Just yesterday the DNC tweeted a statement about Trump’s planned 4th of July celebration calling it a “rally glorifying white supremacy at Mount Rushmore.” That tweet was deleted pretty quickly but today the NY Times published a piece making the case against Mount Rushmore in more detail:
Native Americans have long criticized the sculpture, in part because it was built on what had been Indigenous land. And more recently, amid a nationwide movement against racism that has toppled statues commemorating Confederate generals and other historical figures, some activists have called for Mount Rushmore to close…
Mount Rushmore is built on land that had belonged to the Lakota tribe. “Wherever you go to connect to God, that’s what the Black Hills are to the Lakota,” said Nick Tilsen, a member of the Oglala Lakota tribe and the president of NDN Collective, an Indigenous activist group.
Prospectors seized the land during a gold rush in the 1870s, violating the Fort Laramie treaty of 1868, which recognized the Black Hills as belonging to Native Americans, Mr. Tilsen said in an interview…
Mr. Tilsen said recent efforts to confront racial injustice in the United States could provide an opportunity to reconsider the monument’s future. “Mount Rushmore needs to be closed as a national monument, and the land itself needs to be returned to the Indigenous people,” he said.
In a statement on Monday, Harold Frazier, the chairman of the Cheyenne River Sioux Tribe, called the monument a “brand on our flesh” that needed to be removed.
Those are some of the Native American objections. The article also cites complaints that the four presidents included in the monument–Washington, Jefferson, Roosevelt and Lincoln– were all racists. And yes, the Times links to this book review from 2017 for a book which attempted to make the case that President Lincoln was racist. [It’s worth noting that the author of the 2017 review didn’t seem terribly impressed with the book and called its views of Lincoln and race over-simplified. The authors of the Mount Rushmore piece don’t mention that.]
South Dakota Gov. Kristi Noem released a statement Monday saying that there have been threats made against the monument. Her statement was titled, “Not on My Watch.”
In recent days, we have seen threats to memorials that honor some of America’s greatest leaders. Some vandals have gone so far as to attack statues of Abraham Lincoln and Ulysses S. Grant, the very leaders who brought the Union through the Civil War and ushered in the end of slavery in our country. These are the same men who turned Jefferson’s ideal into reality. Now we’re seeing threats to Mount Rushmore. To those who would threaten America’s Shrine of Democracy, I have one simple message for you: Not on my watch.
Mount Rushmore is a National Monument, and I am partnering with the federal government and offering the resources of South Dakota to make sure that proper security measures are in place. We will do everything in our power to make sure that Mount Rushmore remains as majestic and inspiring as it is today.

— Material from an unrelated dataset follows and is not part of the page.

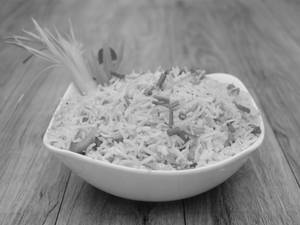 Egg Fried Rice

President Trump is visiting Mount Rushmore in just a few days, and it is such an honor to have the President of the United States visit South Dakota, especially to celebrate America’s birthday. Security measures will be in full force for the event, but we know that threats to Mount Rushmore may continue after the President leaves. We’ll stay diligent about protecting it.

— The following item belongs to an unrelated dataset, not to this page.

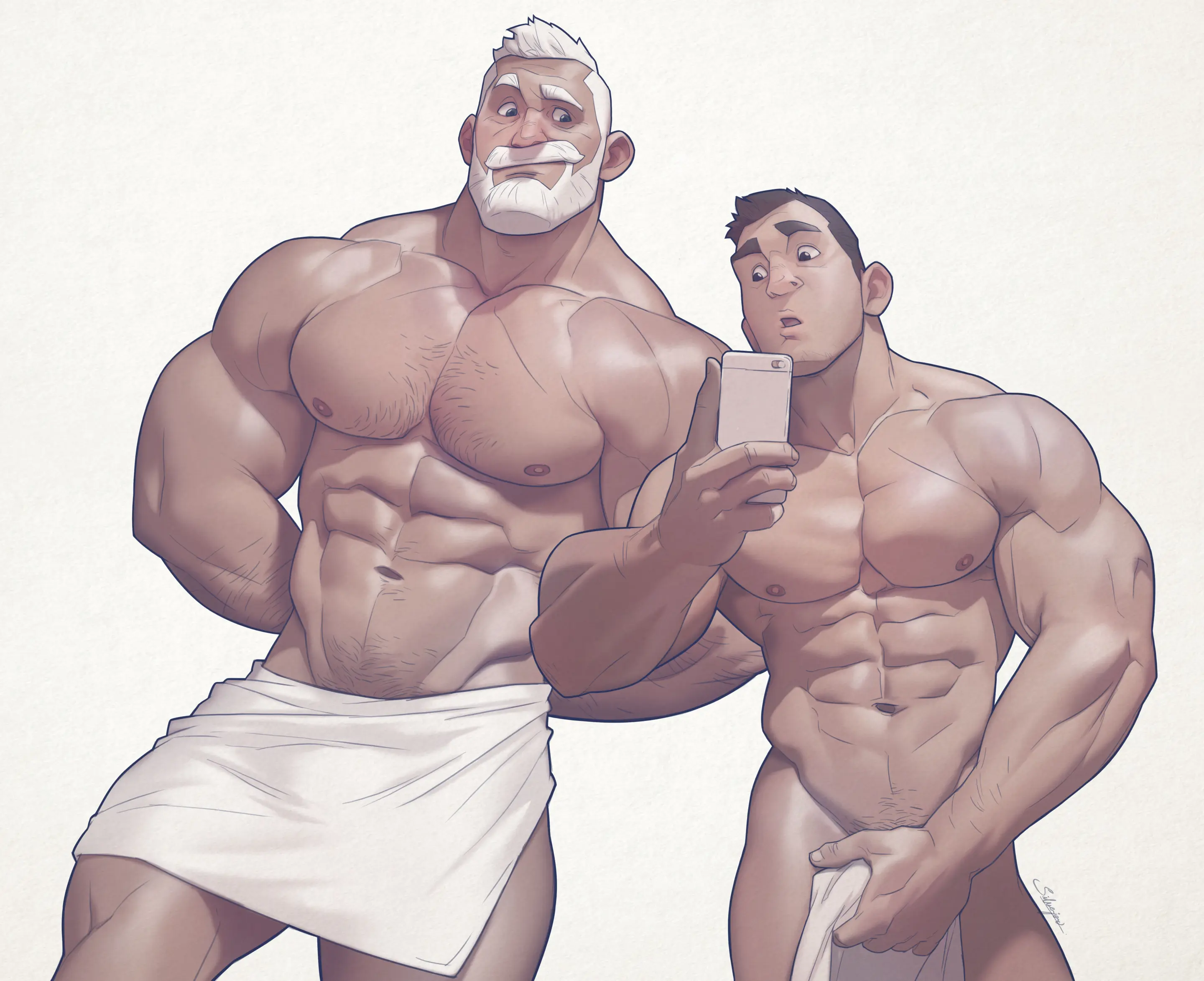 웹툰 이미지 5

I want to make one thing clear: the men honored on Mount Rushmore weren’t perfect; nobody is. They all had flaws. But they all had tremendous virtues as well, and they did incredible things for our country. Today, America is the greatest nation in the history of the world, and that is in no small part thanks to each president memorialized on Mount Rushmore. We can learn from their successes, and we can also learn from their mistakes. And in doing so, we must continue to fight for the American ideal that each of them spent their lives striving for: “All men are created equal.”
Gov. Noem should remain vigilant because the fact that the monument is in the middle of the Black Hills won’t protect it from the new iconoclasts. It may be harder to reach and harder to pull down, but that just makes it a bigger prize. I’d be willing to bet that, out there somewhere, vandals are already drawing up plans to splash it with red paint or damage it in some way. There’s a social justice reward of status and fame for whoever manages to do it.
I don’t have a problem with people who want to petition to remove monuments of, say, confederate historical figures to museums rather than leaving them in public places. People get to choose their own heroes like they get to choose everything else in America. Fair enough. But destroying monuments to American presidents goes well beyond that. Still I can’t help wondering if Rushmore will survive the current national mood.